Shōyu Ramen – Php400
Another popular ramen is the soy souce-based shōyu ramen. Unlike the shio ramen which uses salt, this one is a soy souce-pork and chicken-based stock with a sweeter flavor.
Miso Ramen – Php450
My personal favorite is the miso-based ramen that uses a miso-pork and chicken stock with a sweet and buttery flavor to it. Unlike the shio and shōyu ramen, this is slightly thicker and richer, but not as overwhelming like the popular Hakata style ramen which has a rich, milky, pork-bone tonkotsu broth. Order a topping of sweet corn for another Php60 and this could be one of the best bowls of ramen you’ll ever have.

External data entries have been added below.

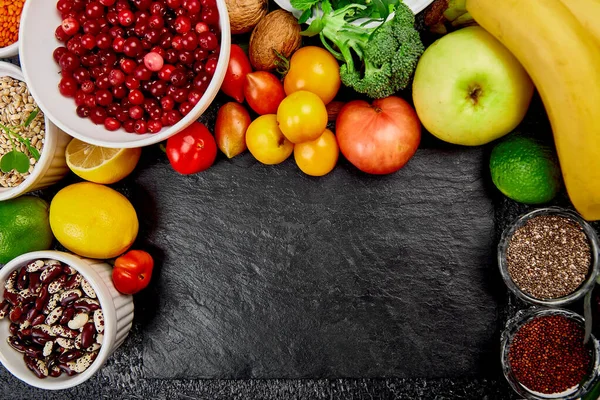 Alkalisk kost, ren mat. Friska vegetariska säsong, falla mat matlagning bakgrund. — Stockfoto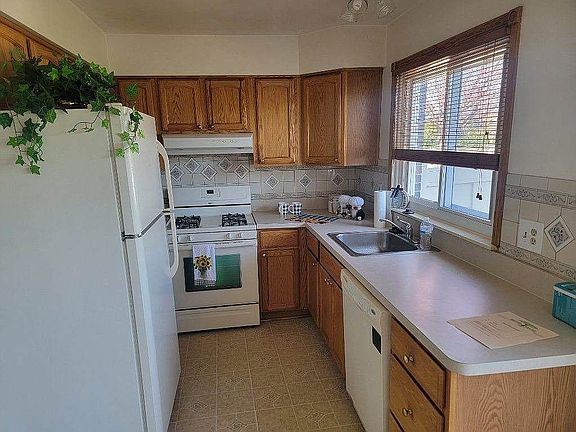 3rd image of 1607 Vernon Rd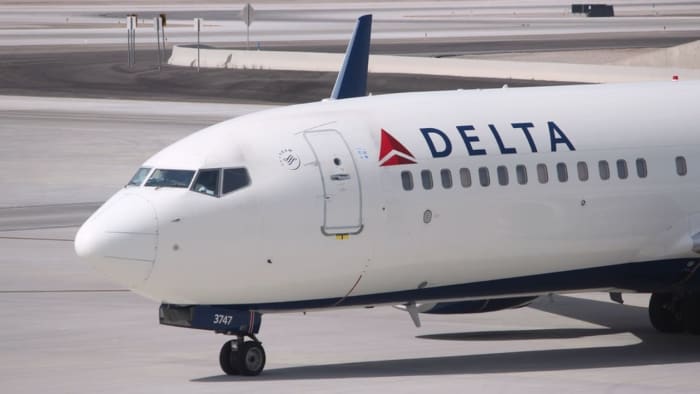 Delta Allegedly Refused To Let Non-Binary Customer Fly Despite Valid ID And Documents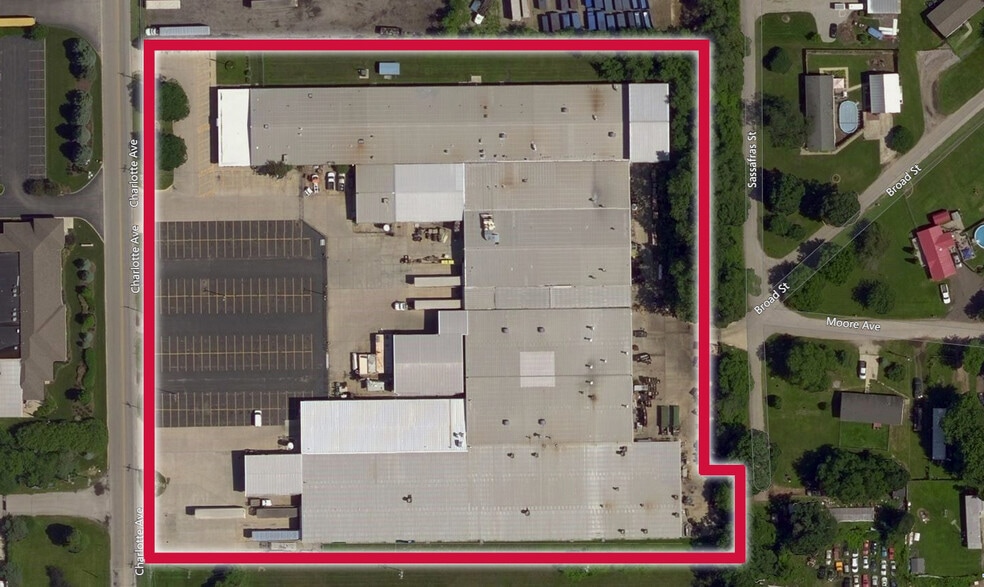 3308 Charlotte Ave, Elkhart, IN for sale - Building Photo - Image 3 of 11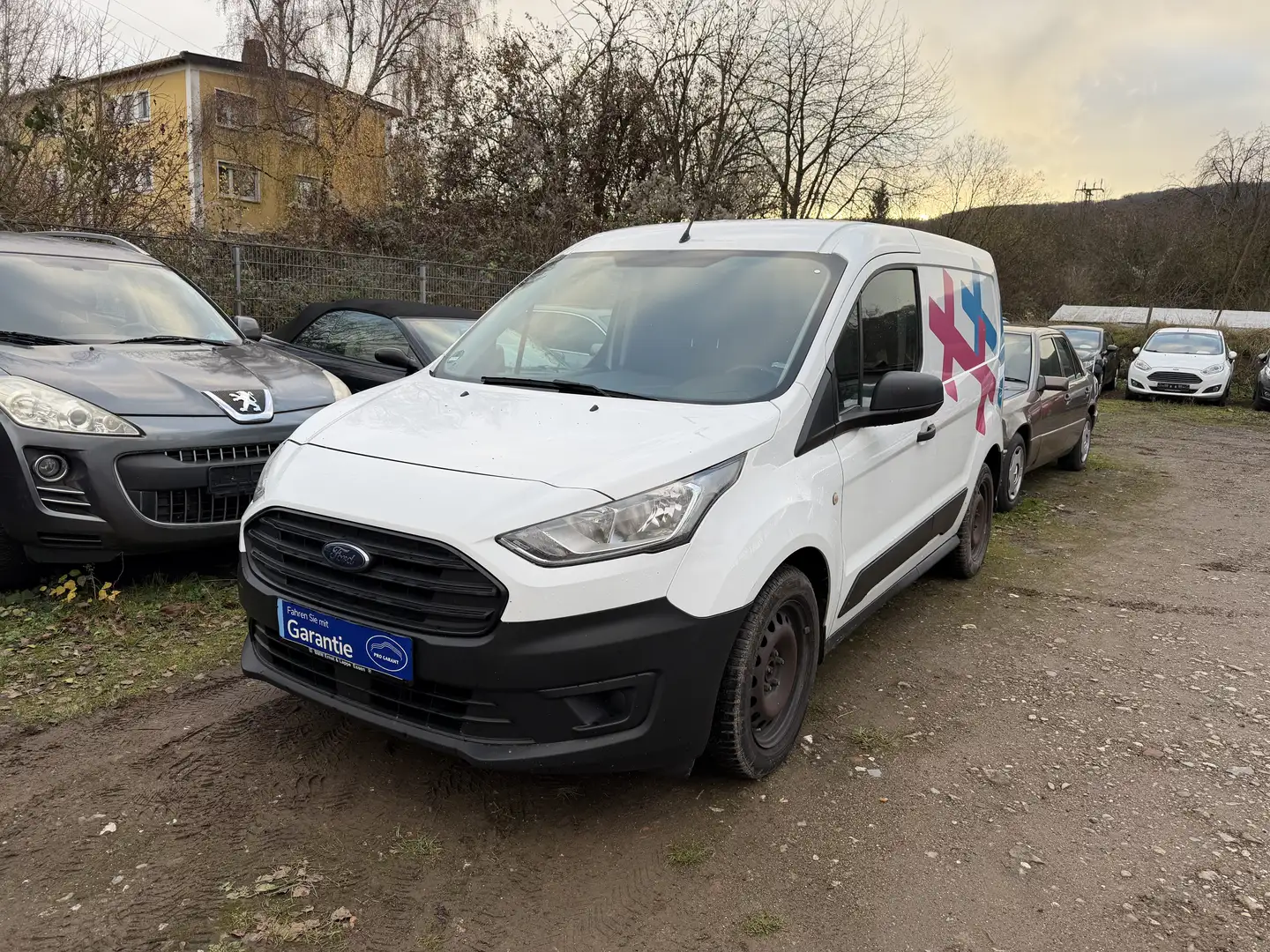 Ford Transit Connect Kasten/Benzin/1.Hand/MwSt ausw./TÜV NEU Weiß - 1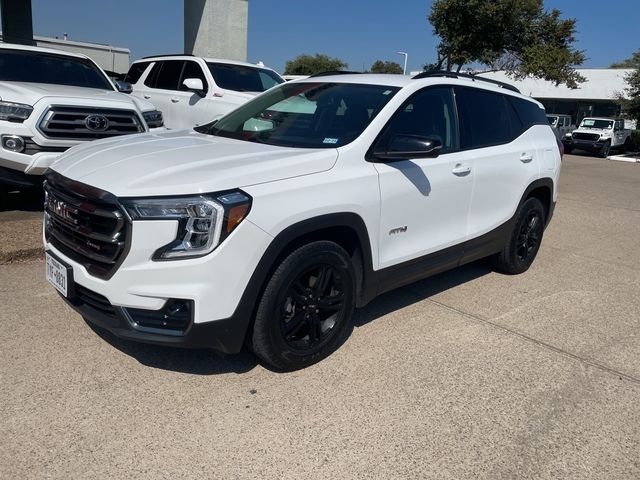 2023 GMC Terrain AT4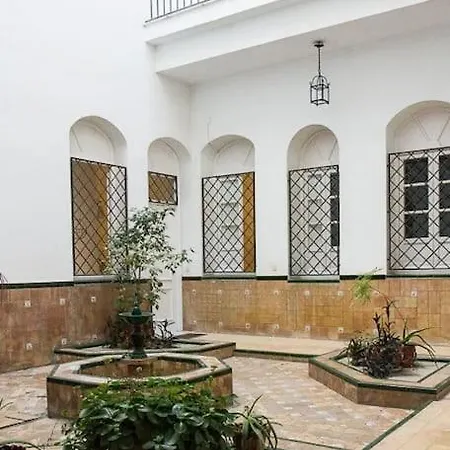Cozy In A Typical Sevillian Patio House Apartment *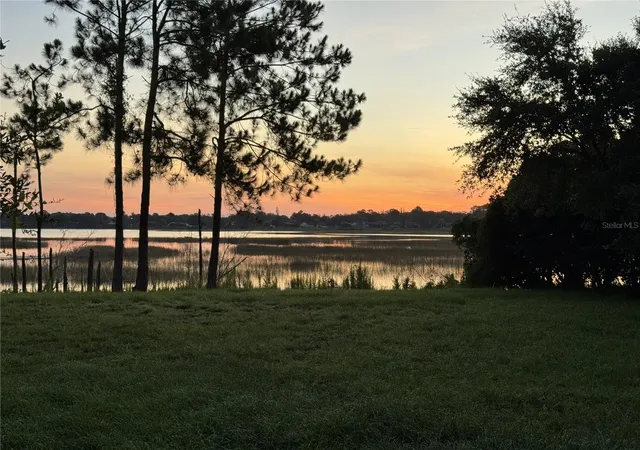 Photo 3 of Sale Pending at 2562 Travida Dr, Deltona, FL 32738 | MLS# O6429018 | Listing updated on 2026-08-29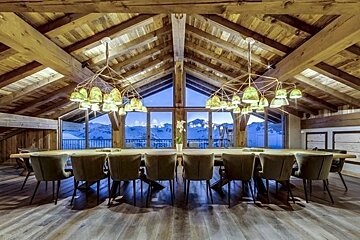 Refuge de Solaise - Penthouse Apartment, Val d'Isere dining room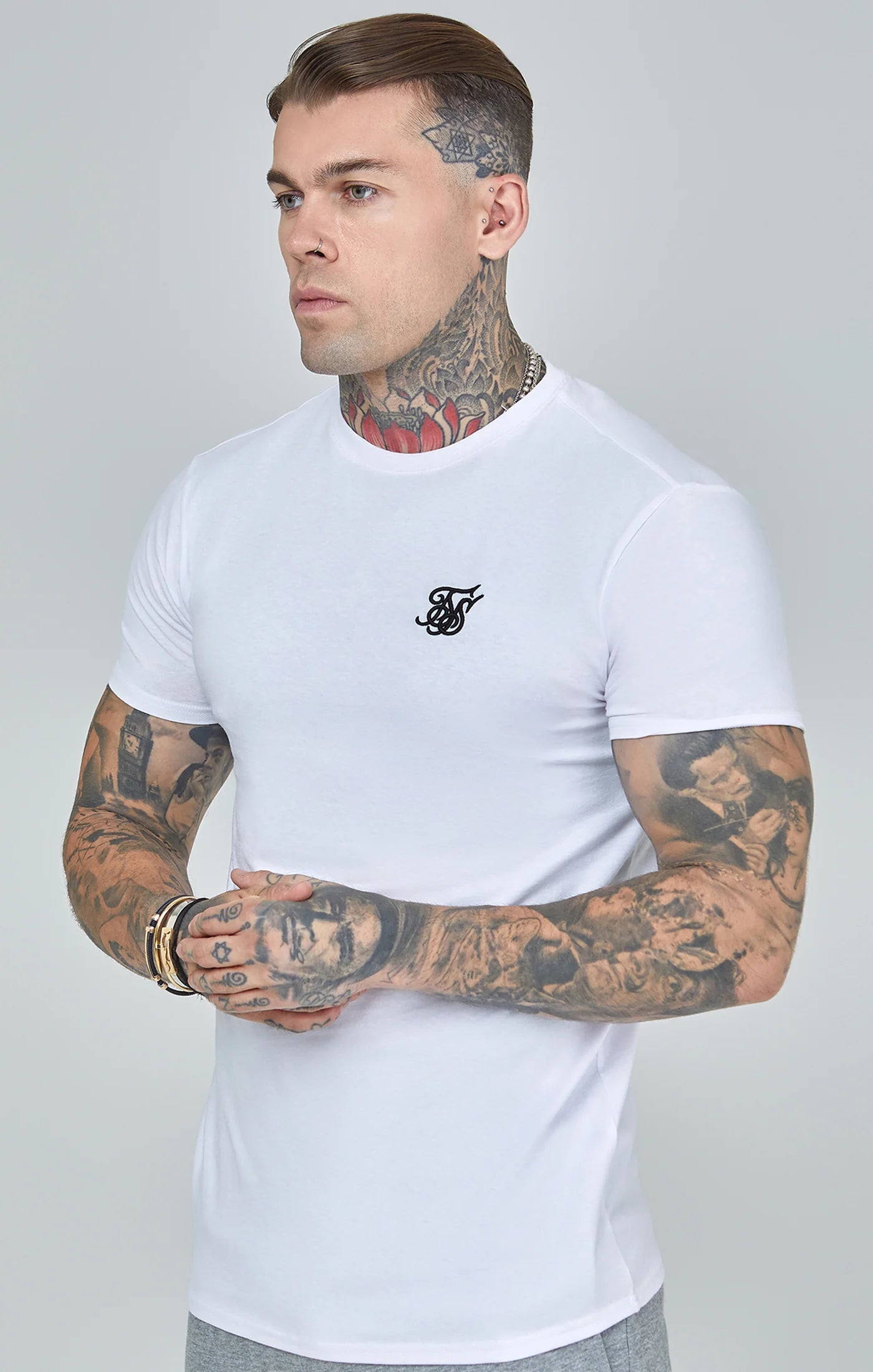 Siksilk - Essential muscle fit t-shirt black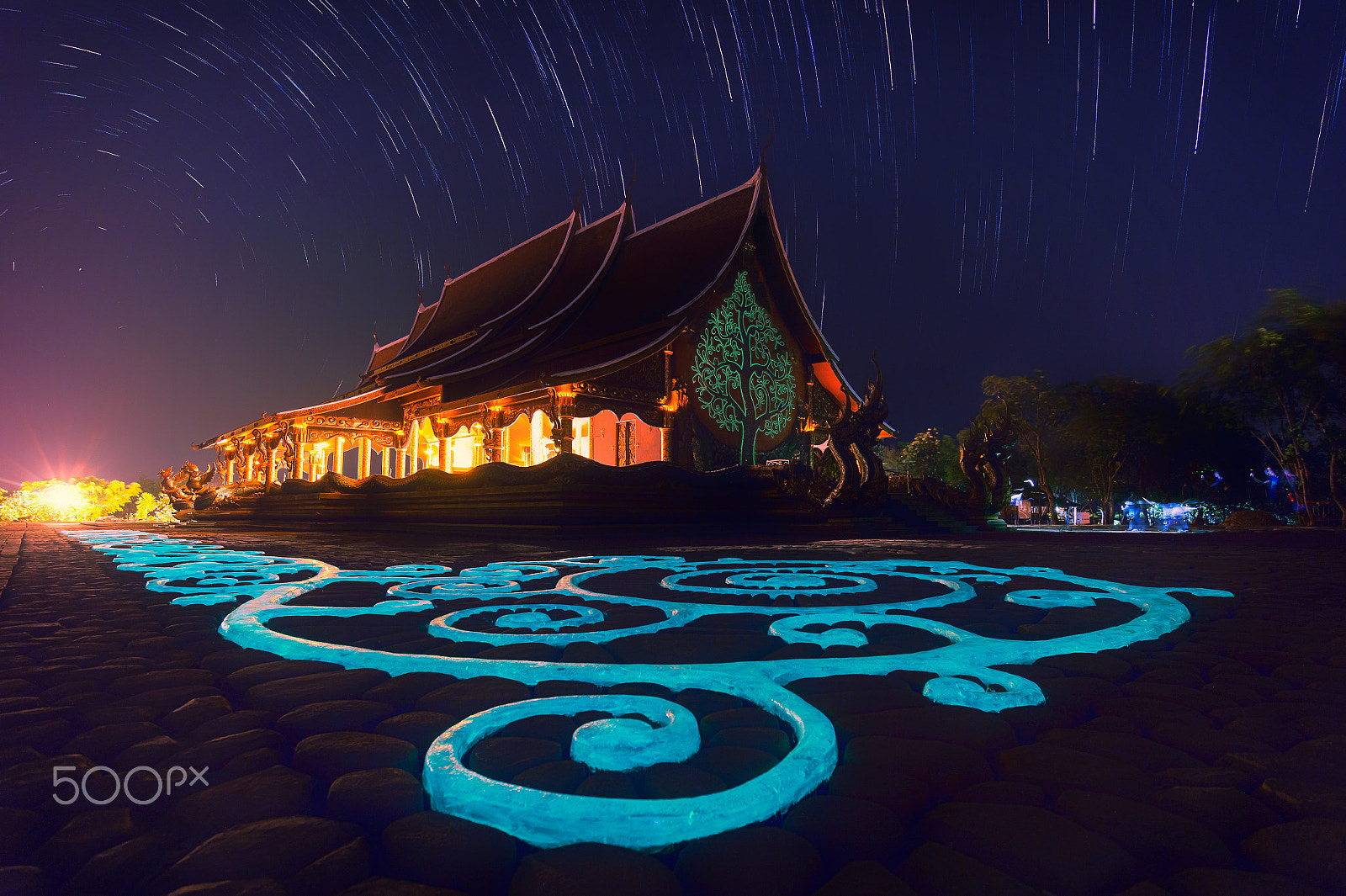 Nikon AF-S Nikkor 18-35mm F3.5-4.5G ED sample photo. The lighting temple of thailand photography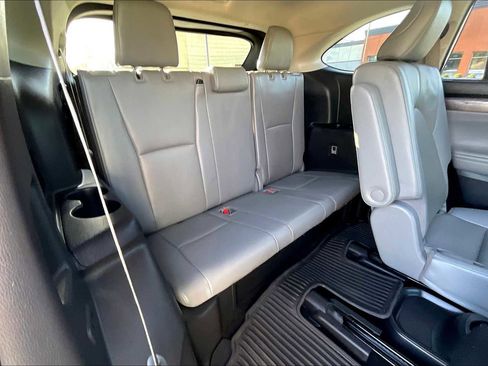 Used 2022 Toyota Highlander Limited image 31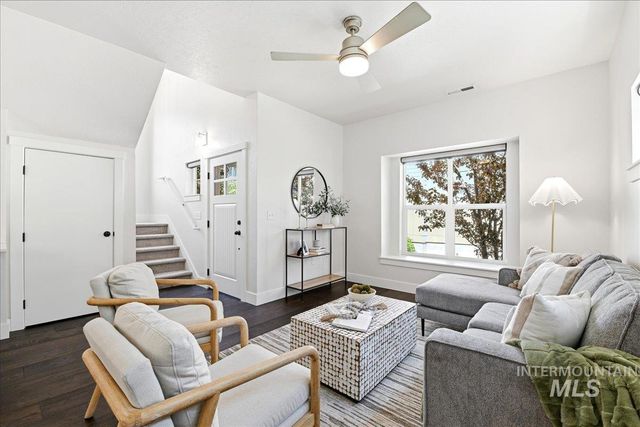 500 E Trackstand Ln, Garden City, ID 83714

Aside from the bowls of ramen, we were also served chahan (Japanese fried rice), gyoza (dumplings filled with ground meat and vegetables with the shell imported from Sapporo, as well), and chicken karaage. Describing how good the flavors are is quite tough because they really ar as good as any served by great Japanese restaurants out there. However, I do want to highly commend the karaage as it isn’t greasy yet still remains juicy at the same time.
Of course, they have desserts to satisfy your sweet tooth, as well. The choco yema cake seemed to be the favorite during our visit. The cake is moist, the ganache isn’t too thick and there is a filling of yema topped of with dulce de leche. The blueberry cheesecake is a textbook cheesecake (in a good way). Tangy, salty, and sweet with not a hint of gelatin used. However, my personal favorite is the chewy and nutty sansrival.
After testing the waters at NAIA 3, King Men Ramen will soon open up shop in BGC – just a couple of blocks away from my office.